In his second argument, Felsen said prosecutors’ position that doctors believe Hoggle could eventually be well enough to stand trial has gone on for five years.

“Indefinite continued commitments for treatment to restore competency to stand trial are unconstitutional,” Felsen wrote. “Whether or not the defendant is confined, if the court considers that resuming the criminal proceeding would be unjust because so much time has passed since the defendant was found incompetent to stand trial, the court shall dismiss the charge without prejudice.”

Montgomery County State’s Attorney John McCarthy has previously acknowledged the murder case against Hoggle would be largely circumstantial, since her children have never been found.

In addition, McCarthy has said the five-year clock began ticking when Hoggle was charged with the felony murder charges, and that charges would have to be dropped in 2022.

“It is the defense’s understanding that there is no forensic information relating to the missing children,” Felsen said.

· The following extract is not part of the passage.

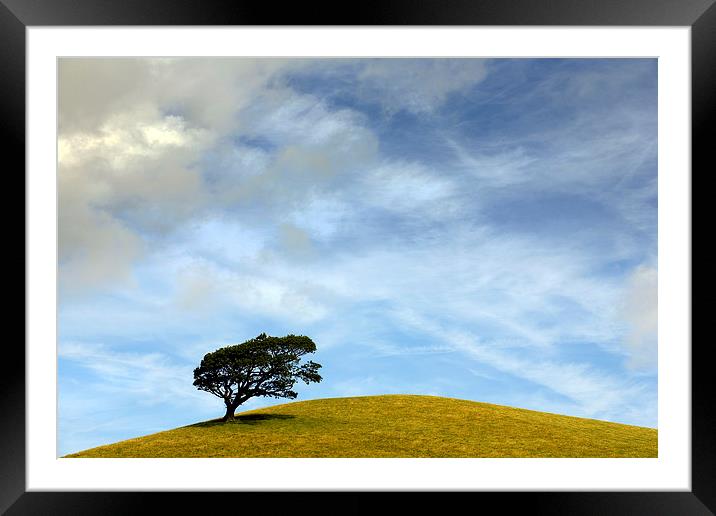  One Tree Hill Framed Mounted Print by Mal Bray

In concluding his argument, Felsen said regardless of whether Judge Robert Greenberg focuses on the five-year limit, or whether putting Hoggle on trial after five years would be unjust, “it is in the interests of justice that the charges in this matter be dismissed.”

Acknowledging prosecutors are allowed to make their case on the latter issue, Felsen requested a hearing if Greenberg doesn’t dismiss the charges on his own, because of the deadline.

Contacted by WTOP, Ramon Korionoff, a spokesperson for prosecutors, said they would refrain from commenting on the motion. Hoggle was previously scheduled to appear in court for a Feb. 18 status hearing.

Even if the judge granted the defense motion, it is unlikely that Hoggle would walk free, given that her children are still missing.

Prosecutors could seek a civil confinement for Hoggle, which would keep her in Perkins for an undetermined period of time.

Also, since Maryland law would have the charges dropped without prejudice, prosecutors could immediately re-charge Hoggle even without any additional evidence.